Hope and heart: emotions stirred in Liverpool at season's crescendo | Donald McRae

Twenty-nine years after their last league title, and with the Hillsborough disaster stitched into the fabric of the club, players and supporters feel a palpable mixture of yearning and pride

Three weeks ago, amid a gripping Premier League title race, Phil Scraton and Margaret Aspinall walked into a room at Melwood, Liverpool’s training ground, to talk to a squad of multimillionaire footballers about the 30th anniversary of the Hillsborough tragedy. Scraton turned 70 this Friday and, despite his vast experience of life and injustice, of joy and horror, he felt anxious. His support of Liverpool stretches over 60 years. From the days of Billy Liddell, a star when the club were still in the old second division, to Liverpool’s domination of English football under Bill Shankly, Bob Paisley and Joe Fagan, and throughout the current 29-year wait for another league title, Scraton has been a fan.

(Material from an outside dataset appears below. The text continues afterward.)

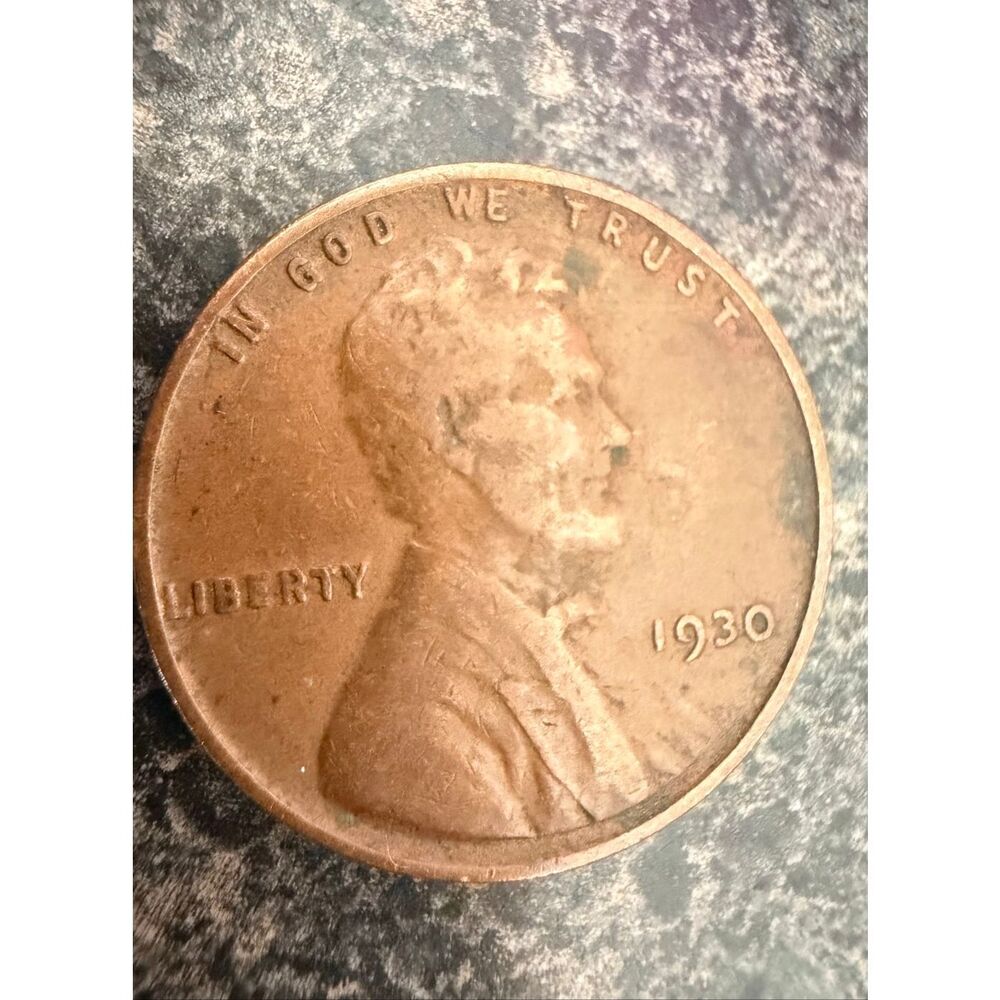1930 Wheat Penny Philadelphia No Mint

In the silence he looked at the small sea of faces and picked out players he reveres now, from Mo Salah and Virgil van Dijk to Andy Robertson and Trent Alexander-Arnold. Scraton was unsure how they would react to him remembering a catastrophe that occurred before any of that quartet was born. His work as an academic and criminologist, as the man who did more than anyone to expose the institutional deceit that hid the truth of why 96 Liverpool fans died at Hillsborough, suddenly mattered little. Scraton wondered if this group of title-chasing footballers might yawn or sigh.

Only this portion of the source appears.